MicroFinance in India: Theatre of the Absurd

What has played out in the Micro-finance Industry over the last few months is increasingly looking like a ‘Theatre of the Absurd’- being enacted on the financial services landscape of India. What one is witnessing is a disjointed, repetitive, emotional, and intellectually dishonest discourse with a plot that lacks a realistic or logical assessment.


Here’s why?
  •  A sector, which was the darling of investors till 2010 (remember the excitement/frenzy with the SKS IPO and others including I-bankers and starry-eyed investors wanting to jump in!) has overnight turned into a pariah. MFI’s are struggling with a severe liquidity crisis as banks have turned shy of lending and investors are rushing for the exits. The much-flaunted credit loss rates of 1% have exploded to double digits and more, all in a span of less than 6 months!
  •   A sector that hired more than 10000 employees in 2010 fired over 2000 employees in 2011. 
  • Lending has dipped sharply and Top Micro-Finance companies, commanding exorbitant valuations some over 25-30 X are having their bank loans restructured under CDR. 
  •  A motley tribe of “experts”, politicians, associations, and bankers with a myopic outlook and ivory tower viewpoint are making an already bad situation worse with their actions and pronouncements. The present crisis in fact reminds me of ‘the elephant and the seven blind men’.

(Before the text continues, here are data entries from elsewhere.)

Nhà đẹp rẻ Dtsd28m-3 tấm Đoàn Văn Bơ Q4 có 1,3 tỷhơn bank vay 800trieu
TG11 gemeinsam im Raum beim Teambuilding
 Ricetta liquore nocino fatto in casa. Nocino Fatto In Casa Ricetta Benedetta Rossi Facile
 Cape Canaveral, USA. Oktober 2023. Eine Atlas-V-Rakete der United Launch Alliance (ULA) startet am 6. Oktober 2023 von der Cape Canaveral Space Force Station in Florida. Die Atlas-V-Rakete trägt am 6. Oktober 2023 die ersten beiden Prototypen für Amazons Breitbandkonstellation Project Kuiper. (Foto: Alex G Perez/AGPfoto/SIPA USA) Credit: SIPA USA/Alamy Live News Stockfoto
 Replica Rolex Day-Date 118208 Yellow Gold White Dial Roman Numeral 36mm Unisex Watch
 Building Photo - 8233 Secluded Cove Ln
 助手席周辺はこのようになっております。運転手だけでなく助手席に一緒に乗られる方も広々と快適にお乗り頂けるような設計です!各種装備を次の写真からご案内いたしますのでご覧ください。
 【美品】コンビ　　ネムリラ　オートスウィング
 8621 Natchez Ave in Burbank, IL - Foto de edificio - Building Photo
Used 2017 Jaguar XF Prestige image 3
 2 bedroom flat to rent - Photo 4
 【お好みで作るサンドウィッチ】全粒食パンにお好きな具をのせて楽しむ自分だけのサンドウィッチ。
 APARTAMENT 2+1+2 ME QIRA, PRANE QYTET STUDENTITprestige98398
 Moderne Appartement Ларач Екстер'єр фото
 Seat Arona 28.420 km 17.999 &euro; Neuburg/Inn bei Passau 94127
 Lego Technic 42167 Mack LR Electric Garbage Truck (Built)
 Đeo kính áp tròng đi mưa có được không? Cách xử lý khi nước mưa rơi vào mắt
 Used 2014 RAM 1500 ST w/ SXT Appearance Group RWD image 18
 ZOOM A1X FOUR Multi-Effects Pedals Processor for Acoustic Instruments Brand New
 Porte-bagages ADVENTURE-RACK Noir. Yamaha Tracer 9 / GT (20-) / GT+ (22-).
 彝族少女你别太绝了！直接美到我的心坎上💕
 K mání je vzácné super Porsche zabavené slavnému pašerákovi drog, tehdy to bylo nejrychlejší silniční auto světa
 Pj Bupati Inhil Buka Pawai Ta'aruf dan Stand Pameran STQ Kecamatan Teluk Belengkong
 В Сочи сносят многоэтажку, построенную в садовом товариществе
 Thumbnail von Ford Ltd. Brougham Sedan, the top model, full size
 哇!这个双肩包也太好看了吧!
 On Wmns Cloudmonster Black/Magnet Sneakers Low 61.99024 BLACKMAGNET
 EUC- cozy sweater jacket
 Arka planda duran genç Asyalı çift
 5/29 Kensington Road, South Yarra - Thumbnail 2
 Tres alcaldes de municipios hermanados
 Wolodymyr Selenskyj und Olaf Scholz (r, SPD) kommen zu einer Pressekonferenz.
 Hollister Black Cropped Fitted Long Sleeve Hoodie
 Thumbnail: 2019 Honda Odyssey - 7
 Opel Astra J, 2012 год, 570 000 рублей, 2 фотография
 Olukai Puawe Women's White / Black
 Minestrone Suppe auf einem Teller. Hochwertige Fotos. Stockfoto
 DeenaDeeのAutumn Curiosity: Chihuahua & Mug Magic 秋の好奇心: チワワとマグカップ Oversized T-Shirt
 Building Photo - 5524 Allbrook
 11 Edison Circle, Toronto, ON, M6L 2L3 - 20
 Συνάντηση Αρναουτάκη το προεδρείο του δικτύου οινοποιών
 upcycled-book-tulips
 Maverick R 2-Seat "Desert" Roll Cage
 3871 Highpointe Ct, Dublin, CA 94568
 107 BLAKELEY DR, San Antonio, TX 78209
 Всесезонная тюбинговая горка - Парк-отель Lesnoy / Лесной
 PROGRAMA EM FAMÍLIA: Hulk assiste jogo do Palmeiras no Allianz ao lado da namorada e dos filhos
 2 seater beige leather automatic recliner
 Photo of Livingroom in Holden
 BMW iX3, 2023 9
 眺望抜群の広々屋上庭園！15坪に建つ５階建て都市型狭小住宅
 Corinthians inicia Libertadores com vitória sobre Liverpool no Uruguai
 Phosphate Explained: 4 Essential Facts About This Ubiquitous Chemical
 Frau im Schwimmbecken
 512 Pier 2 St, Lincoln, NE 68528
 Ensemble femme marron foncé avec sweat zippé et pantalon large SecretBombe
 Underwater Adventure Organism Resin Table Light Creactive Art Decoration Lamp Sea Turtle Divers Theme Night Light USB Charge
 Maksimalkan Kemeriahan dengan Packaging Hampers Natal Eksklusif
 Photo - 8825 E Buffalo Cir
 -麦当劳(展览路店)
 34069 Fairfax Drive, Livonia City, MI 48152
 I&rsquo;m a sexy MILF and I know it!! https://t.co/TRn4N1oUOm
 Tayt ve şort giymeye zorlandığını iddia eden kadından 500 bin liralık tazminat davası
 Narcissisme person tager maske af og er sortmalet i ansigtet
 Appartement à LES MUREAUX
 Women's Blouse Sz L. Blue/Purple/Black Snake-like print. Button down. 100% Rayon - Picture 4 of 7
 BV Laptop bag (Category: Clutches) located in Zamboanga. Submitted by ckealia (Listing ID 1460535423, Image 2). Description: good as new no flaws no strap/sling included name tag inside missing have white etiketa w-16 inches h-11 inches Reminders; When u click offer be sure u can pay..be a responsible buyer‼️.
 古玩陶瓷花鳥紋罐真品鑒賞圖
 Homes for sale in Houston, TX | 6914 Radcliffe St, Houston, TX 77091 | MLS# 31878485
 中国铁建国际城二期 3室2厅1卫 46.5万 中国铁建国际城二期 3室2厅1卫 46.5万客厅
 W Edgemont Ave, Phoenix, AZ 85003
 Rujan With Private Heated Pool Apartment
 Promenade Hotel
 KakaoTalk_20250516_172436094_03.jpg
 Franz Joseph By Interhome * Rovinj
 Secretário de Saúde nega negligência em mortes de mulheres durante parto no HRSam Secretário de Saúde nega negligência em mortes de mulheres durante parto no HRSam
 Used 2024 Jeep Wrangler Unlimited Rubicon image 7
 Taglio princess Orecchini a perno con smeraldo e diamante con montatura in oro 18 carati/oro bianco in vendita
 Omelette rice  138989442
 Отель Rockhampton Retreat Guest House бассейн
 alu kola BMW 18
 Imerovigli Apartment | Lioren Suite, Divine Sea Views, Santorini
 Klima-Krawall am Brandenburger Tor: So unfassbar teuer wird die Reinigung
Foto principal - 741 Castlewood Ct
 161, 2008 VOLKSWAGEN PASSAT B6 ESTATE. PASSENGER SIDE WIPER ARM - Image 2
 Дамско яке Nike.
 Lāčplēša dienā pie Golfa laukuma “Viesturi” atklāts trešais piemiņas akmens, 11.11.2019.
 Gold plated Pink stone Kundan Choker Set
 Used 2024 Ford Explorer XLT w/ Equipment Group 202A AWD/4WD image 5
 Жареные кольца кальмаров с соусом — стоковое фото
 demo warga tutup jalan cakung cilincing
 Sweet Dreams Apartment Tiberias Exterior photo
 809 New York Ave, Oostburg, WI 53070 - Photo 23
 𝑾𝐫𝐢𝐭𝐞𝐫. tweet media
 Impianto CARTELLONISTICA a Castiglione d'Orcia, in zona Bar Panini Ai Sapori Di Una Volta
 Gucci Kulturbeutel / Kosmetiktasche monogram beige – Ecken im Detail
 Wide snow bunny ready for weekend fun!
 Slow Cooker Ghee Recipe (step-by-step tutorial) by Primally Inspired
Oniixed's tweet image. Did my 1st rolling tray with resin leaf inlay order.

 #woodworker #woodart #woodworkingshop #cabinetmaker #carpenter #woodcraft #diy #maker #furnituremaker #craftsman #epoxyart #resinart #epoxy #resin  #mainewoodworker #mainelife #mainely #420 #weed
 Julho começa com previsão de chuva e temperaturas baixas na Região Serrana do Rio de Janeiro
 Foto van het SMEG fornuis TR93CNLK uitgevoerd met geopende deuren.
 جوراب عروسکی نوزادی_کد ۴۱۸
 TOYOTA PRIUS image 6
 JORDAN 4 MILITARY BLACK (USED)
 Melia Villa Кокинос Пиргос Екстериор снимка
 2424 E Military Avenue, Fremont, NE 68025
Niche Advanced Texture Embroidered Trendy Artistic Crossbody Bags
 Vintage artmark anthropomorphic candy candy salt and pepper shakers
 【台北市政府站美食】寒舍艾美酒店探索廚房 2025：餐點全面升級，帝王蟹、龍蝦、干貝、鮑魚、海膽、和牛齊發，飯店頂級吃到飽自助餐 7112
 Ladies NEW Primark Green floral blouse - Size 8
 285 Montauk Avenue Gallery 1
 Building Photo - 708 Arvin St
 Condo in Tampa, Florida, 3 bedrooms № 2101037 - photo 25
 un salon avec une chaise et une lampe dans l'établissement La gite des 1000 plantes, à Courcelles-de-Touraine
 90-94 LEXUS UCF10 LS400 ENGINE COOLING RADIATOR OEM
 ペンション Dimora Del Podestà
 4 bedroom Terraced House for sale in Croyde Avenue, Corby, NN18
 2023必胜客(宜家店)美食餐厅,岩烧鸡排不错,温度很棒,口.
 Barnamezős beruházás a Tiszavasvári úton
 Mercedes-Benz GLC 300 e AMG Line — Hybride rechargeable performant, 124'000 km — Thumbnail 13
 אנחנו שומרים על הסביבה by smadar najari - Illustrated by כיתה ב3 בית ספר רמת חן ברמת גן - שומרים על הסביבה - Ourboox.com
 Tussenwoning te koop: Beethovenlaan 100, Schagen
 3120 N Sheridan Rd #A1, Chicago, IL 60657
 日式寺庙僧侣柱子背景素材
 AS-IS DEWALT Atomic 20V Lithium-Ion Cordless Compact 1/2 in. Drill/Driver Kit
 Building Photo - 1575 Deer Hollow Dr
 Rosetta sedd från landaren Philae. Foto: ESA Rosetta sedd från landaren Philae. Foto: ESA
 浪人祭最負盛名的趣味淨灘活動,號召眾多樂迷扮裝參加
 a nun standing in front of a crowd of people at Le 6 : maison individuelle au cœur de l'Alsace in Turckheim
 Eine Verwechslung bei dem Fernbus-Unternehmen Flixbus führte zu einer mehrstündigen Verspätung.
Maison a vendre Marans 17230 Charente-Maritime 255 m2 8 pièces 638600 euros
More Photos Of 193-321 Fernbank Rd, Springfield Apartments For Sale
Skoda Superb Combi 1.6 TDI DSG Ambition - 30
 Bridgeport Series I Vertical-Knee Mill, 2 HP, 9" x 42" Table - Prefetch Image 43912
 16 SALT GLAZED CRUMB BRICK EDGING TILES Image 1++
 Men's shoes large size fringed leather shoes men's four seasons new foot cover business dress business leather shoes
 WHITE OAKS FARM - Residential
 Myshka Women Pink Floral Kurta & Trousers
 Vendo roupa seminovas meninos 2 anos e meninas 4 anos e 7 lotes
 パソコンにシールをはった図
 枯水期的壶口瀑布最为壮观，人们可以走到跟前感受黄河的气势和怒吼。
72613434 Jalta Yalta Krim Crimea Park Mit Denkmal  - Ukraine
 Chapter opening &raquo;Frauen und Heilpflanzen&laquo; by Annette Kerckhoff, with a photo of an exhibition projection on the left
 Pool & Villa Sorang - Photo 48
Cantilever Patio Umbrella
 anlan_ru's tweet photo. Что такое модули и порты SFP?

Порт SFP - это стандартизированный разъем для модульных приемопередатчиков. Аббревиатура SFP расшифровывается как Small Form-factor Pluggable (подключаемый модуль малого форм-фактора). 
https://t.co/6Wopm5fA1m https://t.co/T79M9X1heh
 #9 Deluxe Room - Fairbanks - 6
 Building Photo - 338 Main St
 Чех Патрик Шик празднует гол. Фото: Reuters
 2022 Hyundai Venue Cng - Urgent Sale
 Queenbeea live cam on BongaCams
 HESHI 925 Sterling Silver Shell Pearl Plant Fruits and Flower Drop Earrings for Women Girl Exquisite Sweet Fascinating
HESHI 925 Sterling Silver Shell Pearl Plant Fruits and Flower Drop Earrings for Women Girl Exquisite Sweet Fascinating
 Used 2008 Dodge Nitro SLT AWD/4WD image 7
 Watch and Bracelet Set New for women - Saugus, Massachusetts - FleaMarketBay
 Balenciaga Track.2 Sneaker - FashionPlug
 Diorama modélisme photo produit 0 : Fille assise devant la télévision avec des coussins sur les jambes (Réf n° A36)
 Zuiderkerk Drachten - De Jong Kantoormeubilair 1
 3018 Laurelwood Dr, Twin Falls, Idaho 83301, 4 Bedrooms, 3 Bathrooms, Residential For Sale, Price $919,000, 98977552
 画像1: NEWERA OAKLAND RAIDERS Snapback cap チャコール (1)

So let’s take a look at the reasons being cited for the current crisis -Exponential growth without the right systems to support the growth, over-indebtedness of borrowers, lack of credit bureaus, over-reliance on costly debt, and commercially oriented Private Equity investors with high-value expectations. All this added together with a lack of trained human resources and proper governance for a rapidly growing industry. Critics say the industry grew too quickly for its own good, with little regulation. That fostered a breakdown in lending discipline, with multiple loans to overextended borrowers, and allowed some unscrupulous players to thrive. Some say that remarkable growth prompted a backlash from vested political interests. Whilst the post mortem is partially correct it’s time we dig deeper and went beyond the obvious. Two broad issues to be addressed at the outset are:

(A) Incorrect Positioning of the sector: In the Indian context most have been led to believe that Micro Finance is a ‘Not-for-profit business and is in the realm of “Social entrepreneurship” and meant purely for the upliftment of the poor, however for the most part that has not been the case, albeit for, a small percentage of MFI’s/SHGs and NGOs. The Lion’s share of this “Business” has been dominated by a few large MFIs which were commercial in their orientation but did don a fig leaf of having noble agendas with respect to these customers. Having said that frankly, the reality is that scale and sustainability in this area cannot be achieved unless there is a commercial drive behind these enterprises. 

Given the number of underserved in India, if you can’t bring scale in this industry, you are doing a huge disservice to the mass of humanity that is not financially included. The industry leaders, however, have done a terrible job communicating this simple fact while obfuscating the business paradigm by masquerading as social entrepreneurs with a cloak of social mumbo jumbo.

Microfinance literally started off as a ‘cottage industry’ in the ’90s, and then some of the enterprising players were able to scale up. Keep in mind there was already a huge customer base, not serviced by large public and private sector banks as the cost structure of the banks did not support servicing this segment, and that’s where some of the Micro Finance players stepped into service a largely underserved segment of the Indian Populace.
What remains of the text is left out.